The camera doesnt flatter the track surface much, but it is ALOT better than the last spot.


----------



## Gary (May 21, 2004)

few more


----------



## Gary (May 21, 2004)

Bigmax, you nailed this one down bro! The location is perfect and we have a great foundation to work with. A patch here and there and some sugar water and I belive we have a really good spot to race on!

Man, could yall belive how many people stopped to watch? Motorcycle guy I think was more pumped about these cars than we were! LMAO! What a great guy! His enthusiasm <sp> had me fired up and we need more guys like him in this hobby.

What a great location to promote RC!! And not just Drag Racing. We can run Touring cars there, M18s or whatever!

We need to talk more about our next steps making ready for Slash and the crew on the 28th! What do yall think?


----------



## AHR43 (Aug 21, 2006)

*Excellent Location for Exposure*

Yea, for me the best part of today was the drop-ins we got. HWY 6 is a high-traffic area. The location works well for promoting RC drag racing as a sport. Many of the passers-by commented that they didn't realize there was RC drag racing. Cool beans. Good job finding HAMDRL a site Biggie!

Track layout runs E-W. Surface is smooth with very little in the way of cracks. Shutdown is O.K.; about the same as Litespeed. We will need the catch net-curbing at the far end. There is some upgrade to the surface. I will go back tomorrow with an analog pitch gauge and provide an angle figure.

Slash, can you spot your timing trailer 90 degrees to the staging area and still start a race? Doing that will gain us valuable shut down length. You'll need generator power for the timing system. There are no 115vac drops nearby.

There were some big rig trailers parked that precluded us selecting the optimal lanes we wanted to use. They were parked in front of and obstructing *NO TRUCK PARKING* signs. Go figure. That's a variable. However, there are three (3) seperate lanes to set up on, so it may be a non-issue.

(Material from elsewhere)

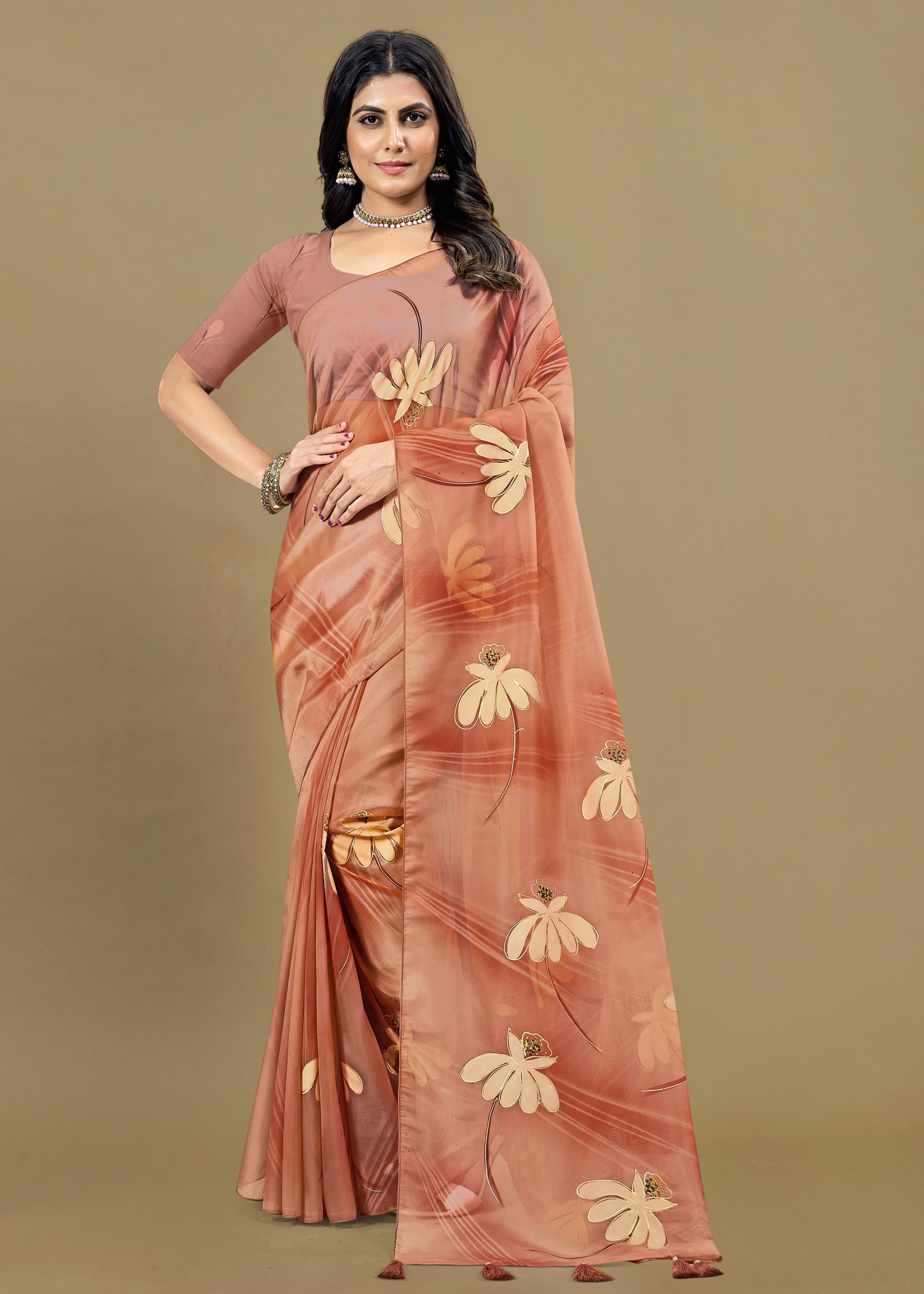 Peach Organza Saree Featuring Hand-Painted Florals, Foil Detailing, and Tassel Edges - Butterfly Prints 8014 Peach Image 2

Fast food locations are on site ensuring adequate race chow and CLEAN restrooms. Shopping for the spouses is close so they won't get bored.

Bottom Line - it's not ideal; but it will work. Like Biff says, "We'll make it work".

Thanks to Biff, BigMax, D3 and Troy and Michael for showing up today.
//AC//


----------



## slash (Sep 18, 2006)

*A-go......*

Hey guys. Way to go. Sounds like a productive day of play! Locating the trailer off to the side won't be a problem. We'll put the trailer along side the track (preferably on a side that is not blocking view of our activity!) and relocate the scoring equipment outside of the trailer under a tent. That way, we can see the entire track and verify that it is clear of cars and bodies. We'll bring safety cones to help mark off a safety boundary, with racing pennants to serve as caution tape and to provide a little racing atmosphere. We'll also bring the portable version of the catch net, just in case, and there's always a "just in case"! Looking forward to it! This was mentioned to our racers during our rainout yesterday and they are ready for a road trip. Hope the parking lot is big enough! I'll be posting this on our website very soon. Just wanted to make sure everything worked out and it looks like it did! By the way, what is the address of this location?


----------



## ddcarter3 (Jan 1, 2005)

Biggie....YOU ROCK DUDE!!!! Great find. We had more people stop today than all other places combined. A great run is exciting, but the mid course 360's were 2 Cool!! Spectators liked them as well!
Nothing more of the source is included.